Seattle Post-Intelligencer writes: Extreme disappointment will be caused in Pacific coast shipping circles by the decision of Carnegie Hero Fund in refusing a medal to Mrs Minnie A Patterson, whose brave act saved the lives of the crew of bark Coloma, which was wrecked off Vancouver Island in Dec, 1906.
Marine men familiar with the details of this case, believe that no more heroic act was ever performed on this coast. Mrs Paterson’s deed was exploited far and wide at the time, and it was believed that the Carnegie commission would recognize her… Mrs Paterson’s husband at the time of the wreck was keeper of lighthouse at Cape Beale. Coloma was driven ashore in a terrific storm, Dec 7, 1906, and the unfortunate crew took to the rigging. Seeing their desperate plight Mrs Paterson bravely made her way over a rough road for miles, through a blinding storm to give the alarm. Word reached Dominion Government Steamer Quadra which rescued the 10 men in the nick of time. But for Mrs Paterson’s heroic act every man would have been lost, as the bark soon pounded to pieces.
Mrs Paterson received a gold medal from the United States government. [Colonist, 1908-10-31]
Wreckage found some days ago by David Logan, lineman at Clo-oose, who arrived here by Steamer Tees indicates that some small gasoline boat or sailing Schooner was wrecked off West Coast Vancouver Island. Mr Logan said that a short distance West of Nitinat River he had found a white-painted deckhouse with a red top… Mr Bradbury, the wireless telegraph operator at Pachena Point also found some wreckage near there.
Tees, which reached port yesterday from Cape Scott and way ports brought a full complement of passengers, about 50 in the saloon and 100 in the ‘tween decks and a full cargo including 903 barrels of whale oil, 63 barrels of whale meat, 21 bales of gill bone and 500 cases of canned salmon from the cannery at Uchucklesset. Among the passengers were Mr Milward of Pacific cable board, who has been inspecting the cable stn at Banfield and Mrs Milward, J Turnan, mgr of Uchucklessett cannery which has been closed down for the season: R J Flaherty, who has been prospecting for marble at hd of Esperanza Inlet and brought some excellent sample from some locations; A Paget and J Ringland, who have been hunting elk in Kyuquot dist; W R Miffonts, who was sent by Dominion Government from eastern Canada to construct a lighthouse at Estevan Point.

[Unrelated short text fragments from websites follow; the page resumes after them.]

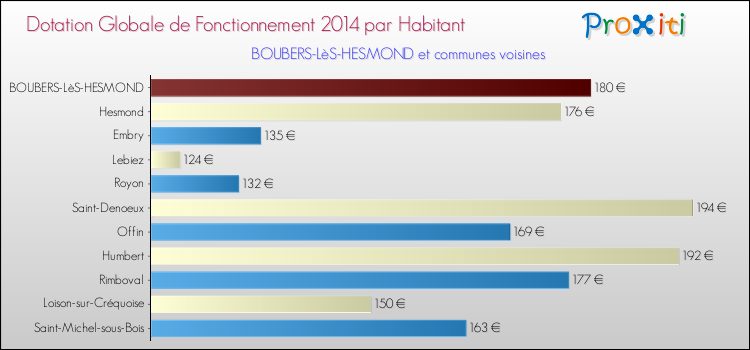 Montant des dotations globales de fonctionnement DGF par Habitant pour BOUBERS-LèS-HESMOND et les communes proches en 2014. Comparaison des des dotations globales de fonctionnement DGF par habitant pour BOUBERS-LèS-HESMOND et les communes voisines en 2014.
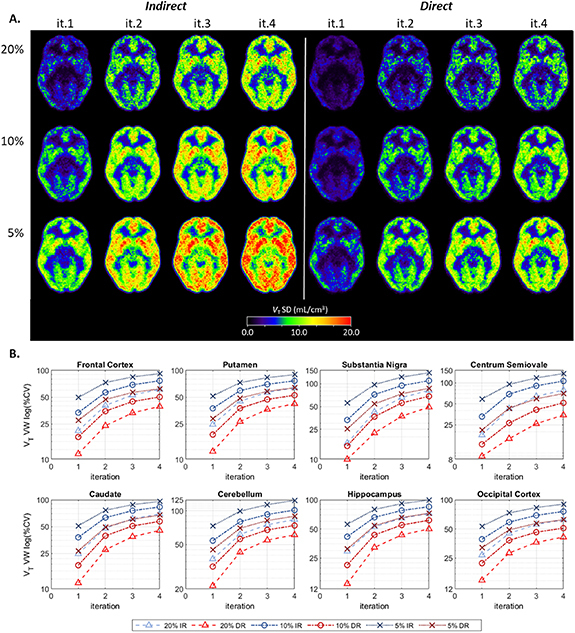 Figure 27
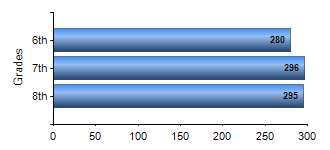 Chart1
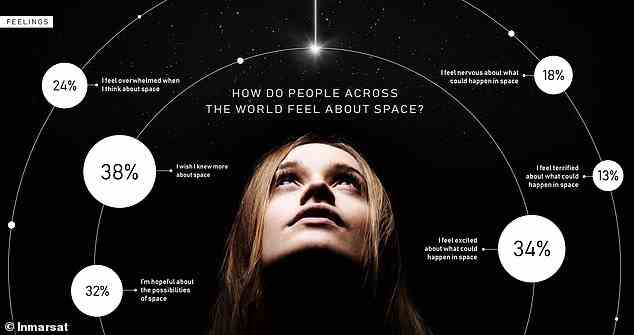 In response to people being 'terrified' of space, Kelly cited another recent survey that found many young people today aspire to be social media influencers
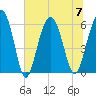 Golden Isles Entrance tide chart for Friday, July 7, 2023
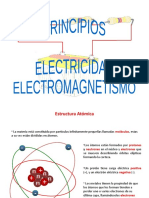 Electricidad, Ley de Ohm y Magnetismo.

Also: F Smith, C Todd, D A Lewis and W Allen from Nootka; J Campbell, J Shafer, from Nootka; E Wall, from Hesquiot, D McDonald, J Heins, J D McDonald, J Barnes, D Beck, F Fawcett, H Tolmie, W Randell, James Murphy, W Morris, J Amer, D Irmin, H MdDonald, J Michaels, F Hall, E L Roberts, H Landon, D Mills from Alberni, D Logan and R Daykin, from Clo-oose; Mrs Warsion, T Tye and A A Vernon from Port Renfrew. There were a large number of Japanese and Chinese employees of the whaling stn and canneries which have been shut down for the season. Steamer will sail again for West Coast tomorrow night at 11. [Colonist, 1908-11-01]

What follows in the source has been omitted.